In fact, it was a Western that introduced Poitier to the movies. He was 11 years old and his family had just moved to Nassau from tiny Cat Island, where, Poitier recalls, a kerosene lamp was considered a luxury. Some friends took him to the movies, and he sat awestruck throughout the feature. When it ended, he jumped out of his seat and ran around to the back of the theater--to wait for the horses and cowboys and the cattle to come out.

"And I waited and waited," he says in the warmth of his trailer during a break from shooting. "Then I thought, there's two shows and, of course, they have to eat. They're probably inside doing just that. So I went back around the front and went in again. And the same thing happened! I thought that was fabulous. So I went back to the stage door--it's dark now--and still nobody comes out. And when I told my friends what had happened, they laughed and they laughed and they said to me, 'Everything you saw was on film.' And they explained to me what film was. And I said, 'Go on.' "

But that didn't cure Poitier's fantasies about Hollywood.

"When I was younger I wanted to go to Hollywood and become a cowboy," he says, wearing long underwear and a head bandage, his costume for the next scene. "Not to be in movies, mind you, but to work with cows. I thought the movies were showing me what a wonderful life the cowboys lived in Hollywood. When my friend explained to me it was all make-believe, I was so disappointed."

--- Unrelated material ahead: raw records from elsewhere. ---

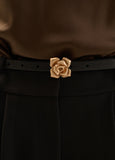 FD The Petal Belt, Black/Polished Gol-Favorite Daughter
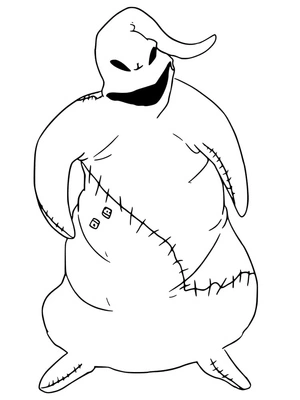 Página para Colorir Oogie Boogie de O Estranho Mundo de Jack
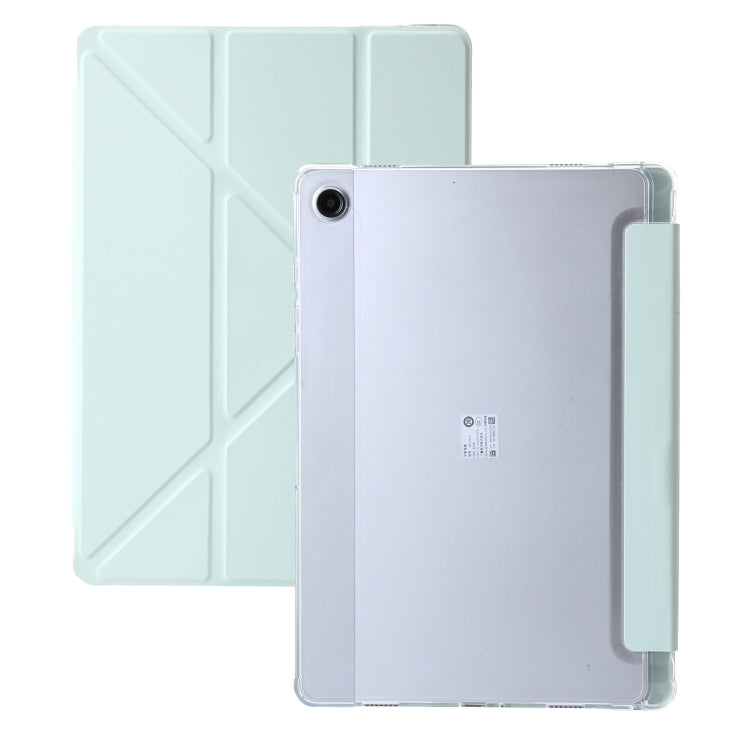 Clear Acrylic Deformation Leather Tablet Case, For Samsung Galaxy Tab S10 FE / S9 FE�������������...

But not disappointed enough to stop being tantalized by the make-believe. After a stint in the Army, he struggled through a series of menial jobs, then went to New York, where he joined the American Negro Theatre and made his Broadway debut in 1946. His screen debut, in 1950, was in "No Way Out," and within 10 years Poitier was a star. He earned his first best actor Oscar nomination for 1958's "The Defiant Ones," in which he co-starred with Tony Curtis, and won the best actor Oscar for 1963's "Lilies of the Field." Poitier went on to perform in such classics as "To Sir With Love," "In the Heat of the Night," "Guess Who's Coming to Dinner" and "They Call Me Mr. Tibbs!" And he did make two Western features: "Duel at Diablo" (1966) and "Buck and the Preacher" (1972), which he also directed.

In the process, he opened the doors of Hollywood for several generations of black actors. In 1992, when the American Film Institute honored Poitier's accomplishments with its Life Achievement Award, Danny Glover told Poitier, "You have made it possible for me to dream bigger dreams."

With that kind of resume and those kinds of tributes, it's hardly surprising that some of Poitier's co-stars felt a little star-struck at the prospect of working with him on "Children of the Dust."

Regina Taylor, who plays Drusilla, a schoolteacher who falls in love with Gypsy, says she did everything possible to prepare, in her words, "to meet this man toe to toe."